Now a collaboration between Hirtshals Havnefond, Hirtshals Transport Center and Q8 ensures that one of the country's first LNG plants will be located at Hirtshals Transport Center near Port of Hirtshals before the end of 2023.
- The LNG-filling station will make it possible for heavy transport to convert from diesel to gas operation, and thus the Jutland Corridor will be the first stretch in Denmark where gas-powered trucks can be used on an equal footing with traditional, diesel-powered trucks.

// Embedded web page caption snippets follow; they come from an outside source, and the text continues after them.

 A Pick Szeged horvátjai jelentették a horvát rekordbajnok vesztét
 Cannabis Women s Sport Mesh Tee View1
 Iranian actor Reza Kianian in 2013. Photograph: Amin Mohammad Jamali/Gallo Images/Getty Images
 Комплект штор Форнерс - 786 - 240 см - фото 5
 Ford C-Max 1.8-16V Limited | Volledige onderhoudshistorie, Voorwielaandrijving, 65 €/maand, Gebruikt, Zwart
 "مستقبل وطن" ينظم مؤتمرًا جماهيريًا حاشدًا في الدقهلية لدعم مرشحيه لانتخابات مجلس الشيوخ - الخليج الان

The freight transport corridor above Hirtshals thus helps shape the future of the land transport sector and at the same time ensures the attractiveness of the corridor for an increasingly climate conscious transport sector, says Per Holm Nørgaard, CEO at Port of Hirtshals.

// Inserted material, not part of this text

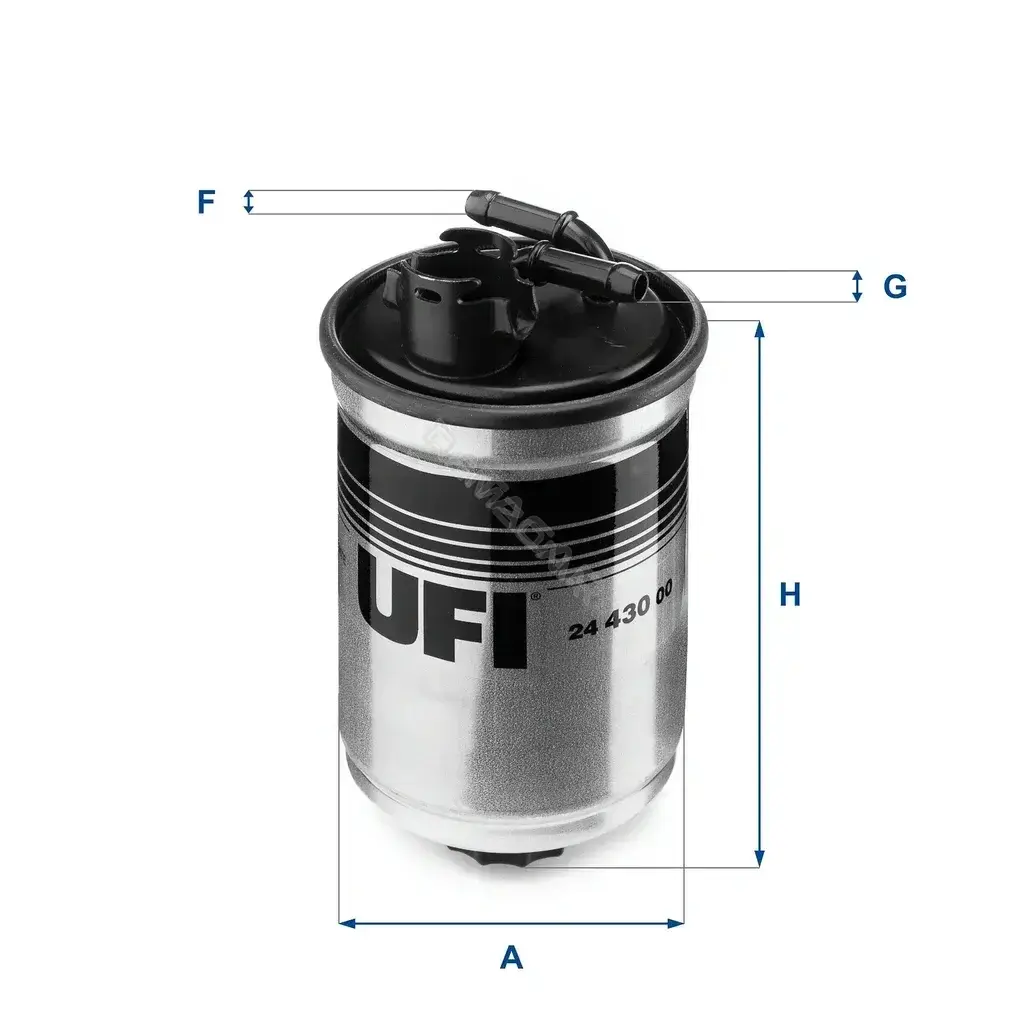 Топливный фильтр UFI 24.430.00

The construction of the LNG tank facility is also a step closer to the realisation of Port of Hirtshals' future plan to upgrade the port to a version 2.0. The plans include, together with a significant expansion and facility improvement, i.a. the ambition to become the greenest traffic port in Europe for goods, transport and logistics solutions as well as the production of better alternatives to the traditional fuels.
A contribution to the sustainable transition
The investors behind the project are satisfied with being able to contribute to the green transformation of the transport sector and at the same time support the development and growth of business activities in Hirtshals.
- We are experiencing a great desire from customers to drive on more climate-friendly fuels, but the options have been limited for heavy transport. With the investment in liquefied gas, we will make it easier for the Northern European transport companies to invest in cleaner technology and use more climate-friendly alternatives, says Gert Thomasen, Head of Fleet & IDS in Q8 Denmark.
In January 2022, Q8 could open Denmark's first LNG plant for trucks in Padborg, and with a plant located in Hirtshals, one is thus taking an important step towards securing the transport of goods from Europe through Denmark and further north with less climate-damaging fuels.
- Due to our central location in relation to freight traffic between Norway and the EU, we will be at the forefront when it comes to fuel for trucks, so that we will also be attractive to all players in heavy land transport in the future. This is only the first of several new alternatives to diesel that will come to HTC, says director at Hirtshals Transport Center (HTC) Tonni Sørensen.
Prospects for greener gas
When the facility at Hirtshals Transport Center opens, it will be possible to refuel LNG. Compared to diesel, LNG trucks emit up to 29% less CO2e, eliminate the emission of sulfur and significantly reduce the emission of harmful particles. The expectation is that within a shorter number of years it will be possible to refuel liquid biogas (LBG) in Hirtshals. In this way, trucks will be able to run on biogas, which will further reduce the emission of CO2e.
- We expect that within a manageable time horizon it will be possible to refuel LBG - i.e. liquid biogas that is produced using wind turbine power - at the plant, and thus we have a direct line from the wind turbines in Hirtshals to a less climate-damaging alternative to the trucks that are refueled at Hirtshals Transport Center, says chairman of the board of Hirtshals Havnefond, Tom Frandsen.
The LNG plant at Hirtshals Transport Center can be put into operation in November 2023.
- LNG consists of natural gas that has been cooled down to -162 degrees, which turns the gas into a liquid.
- This process reduces the volume of natural gas to 1/600, whereby it can be used as, among other things, fuel for trucks and ships.
- Compared to diesel LNG emits up to 20% less CO2e.
- LNG eliminates sulfur emissions and the amount of harmful soot particles is significantly reduced.
- Liquid biogas, also called LBG (short for "liquefied biogas"), is chemically identical to LNG, but will further reduce CO2e emissions.
- Two trucks can be refueled at a time at the future LNG plant.